A convenção que oficializou, nesta quarta-feira (5), a candidatura à reeleição do governador Lucas Ribeiro (PP) foi marcada por um contraste evidente. Enquanto milhares de apoiadores lotaram o Centro de Convenções de João Pessoa, provocando congestionamentos desde a rodovia até o acesso ao local do evento, nos bastidores a base governista viveu um dos dias mais tensos desde o início da campanha.

Desde as primeiras horas da manhã, as principais lideranças da aliança permaneceram reunidas na Granja Santana, residência oficial do governador, em uma tentativa de construir um consenso sobre a escolha do candidato a vice-governador. Participaram das negociações o governador Lucas Ribeiro, o governador João Azevêdo, o deputado federal Aguinaldo Ribeiro, a senadora Daniella Ribeiro, o presidente da Câmara dos Deputados, Hugo Motta, e o presidente da Assembleia Legislativa, Adriano Galdino, além de outras lideranças da base.

Depois de horas de negociações, o encontro terminou sem qualquer definição. A convenção começou às 16h sem que a chapa majoritária estivesse completa, transformando a vaga de vice na maior incógnita das eleições estaduais. Embora a legislação permita que o nome seja definido até 15 de agosto, a expectativa do grupo era chegar ao evento com a chapa fechada.

O episódio mais emblemático do dia foi a ausência de Adriano Galdino na convenção. Cotado para ocupar a vaga de vice e um dos protagonistas das negociações realizadas na Granja Santana, o presidente da Assembleia deixou a residência oficial sem acordo e optou por não participar do ato político.
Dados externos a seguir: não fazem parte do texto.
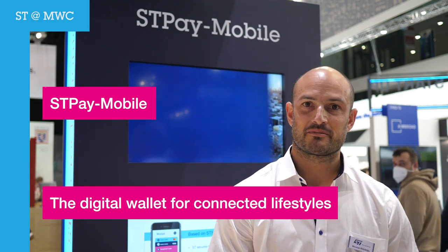I'm Nicolas Roussel, I'm Product Marketing Manager, and I'm very pleased to speak again about our STP mobile solution.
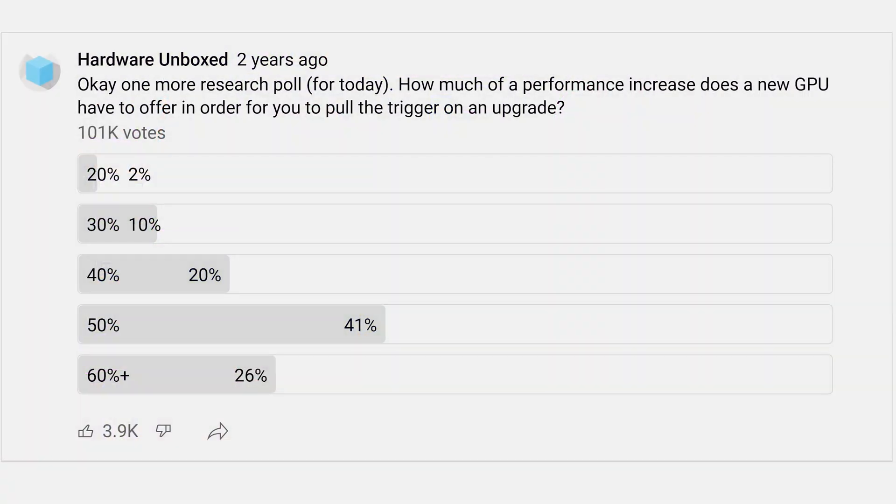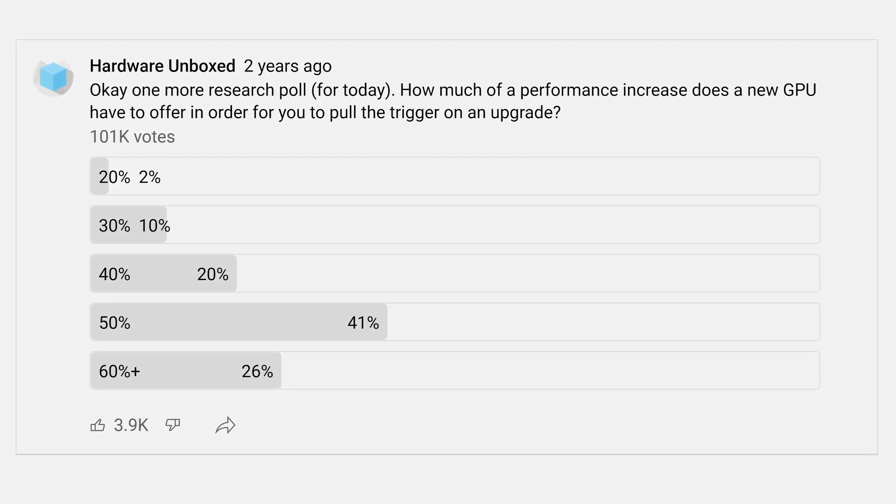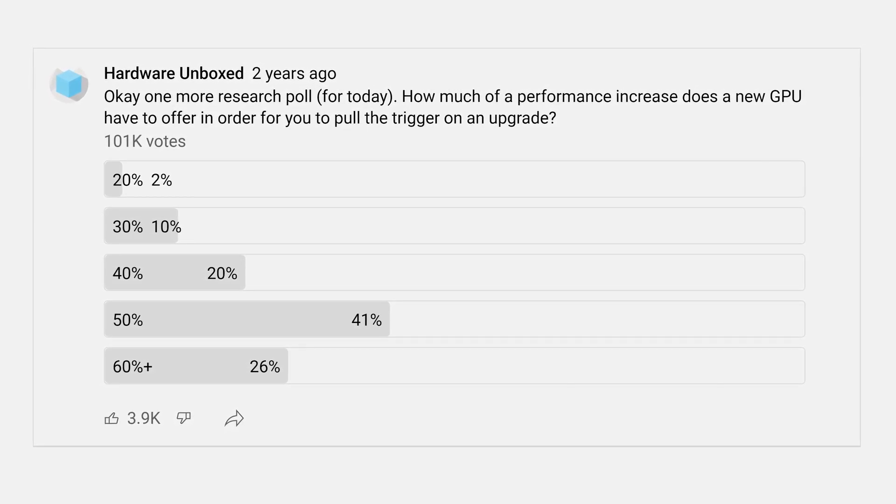Most people do prefer to upgrade every two generations at a similar price point, as opposed to continually moving up the stack to get performance gains. We did a poll once on the Hub Community tab asking, at the same price, what percentage gain do you need to see to justify an upgrade? I think the majority were around 30% to 40%, though maybe as high as 50% or double the performance. We can find that poll — it'll answer the question better than we have.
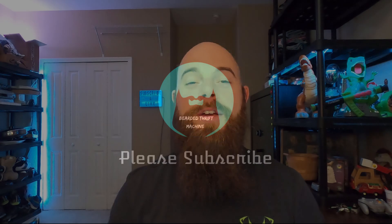Hey y'all, it's Beard with Thrift Machine. Today is going to be a what's sold video and it starts right now. If you're new to the channel, welcome. My name is Julian Austin. I'm the Beard with Thrift Machine here on YouTube, and I buy stuff and flip it online for a living and make YouTube videos about it.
O gesto foi interpretado como um claro sinal de insatisfação e expôs as dificuldades para manter a unidade entre os partidos aliados.

Se nos bastidores predominava a tensão, no palco Lucas Ribeiro adotou um discurso firme e claramente voltado para o enfrentamento eleitoral. Sem citar nominalmente os adversários, o governador reagiu às críticas de que seria necessário promover mudanças na administração estadual e questionou esse discurso.
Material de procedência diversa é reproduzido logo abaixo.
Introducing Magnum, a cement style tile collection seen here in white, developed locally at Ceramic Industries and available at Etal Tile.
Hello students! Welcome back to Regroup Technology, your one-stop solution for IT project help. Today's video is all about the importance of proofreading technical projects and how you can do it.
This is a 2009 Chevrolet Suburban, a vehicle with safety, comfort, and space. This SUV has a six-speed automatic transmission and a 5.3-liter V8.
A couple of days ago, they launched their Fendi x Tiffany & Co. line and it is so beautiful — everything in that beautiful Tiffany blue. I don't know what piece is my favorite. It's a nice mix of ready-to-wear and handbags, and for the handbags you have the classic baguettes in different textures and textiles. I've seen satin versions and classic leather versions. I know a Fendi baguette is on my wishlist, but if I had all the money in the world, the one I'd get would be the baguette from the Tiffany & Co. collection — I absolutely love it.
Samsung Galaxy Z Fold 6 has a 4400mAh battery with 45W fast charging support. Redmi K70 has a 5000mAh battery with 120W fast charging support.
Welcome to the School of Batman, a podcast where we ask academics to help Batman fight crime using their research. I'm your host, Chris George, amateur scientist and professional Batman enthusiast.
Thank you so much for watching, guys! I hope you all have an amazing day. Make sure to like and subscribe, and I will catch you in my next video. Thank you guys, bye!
“Tem que mudar o quê?”, perguntou ao público, antes de associar a oposição a um período em que, segundo ele, “viatura não tinha gasolina” e o Estado precisava recorrer a empréstimos para pagar salários.
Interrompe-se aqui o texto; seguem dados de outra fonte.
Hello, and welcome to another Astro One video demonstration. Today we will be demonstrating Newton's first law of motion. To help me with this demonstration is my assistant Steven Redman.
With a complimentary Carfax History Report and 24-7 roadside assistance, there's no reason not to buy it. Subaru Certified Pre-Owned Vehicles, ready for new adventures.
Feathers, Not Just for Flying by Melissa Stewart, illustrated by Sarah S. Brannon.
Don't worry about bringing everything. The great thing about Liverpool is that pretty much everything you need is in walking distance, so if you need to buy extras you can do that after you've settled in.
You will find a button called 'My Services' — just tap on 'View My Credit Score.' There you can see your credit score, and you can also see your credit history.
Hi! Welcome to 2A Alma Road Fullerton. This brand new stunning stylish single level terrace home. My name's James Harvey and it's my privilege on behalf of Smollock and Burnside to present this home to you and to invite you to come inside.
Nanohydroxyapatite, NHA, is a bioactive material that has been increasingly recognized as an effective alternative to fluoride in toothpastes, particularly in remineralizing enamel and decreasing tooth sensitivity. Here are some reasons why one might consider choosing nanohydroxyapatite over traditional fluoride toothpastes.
Lucas também fez a declaração mais dura de sua fala ao afirmar que seus adversários pretendem “colocar facções criminosas dentro do governo”. Em seguida, respondeu de forma enfática: “Eu nego. Eu nego. A Paraíba se acostumou a andar para frente.”

O tom adotado pelo governador indica que a campanha deverá ser marcada por um confronto direto com a oposição. Entretanto, antes de mirar os adversários externos, a base governista ainda terá de superar seus próprios impasses internos. Apesar da demonstração de força com uma convenção que reuniu milhares de pessoas, o grupo saiu do evento sem resolver a principal pendência política da chapa e com sinais evidentes de desgaste entre seus aliados. A expectativa é que as negociações sejam retomadas nas próximas horas, mas, diante do clima das últimas reuniões, já não há garantia de que o anúncio do vice aconteça nesta quinta-feira. A missão da base, agora, é transformar o discurso de unidade apresentado ao público em um consenso real entre suas principais lideranças.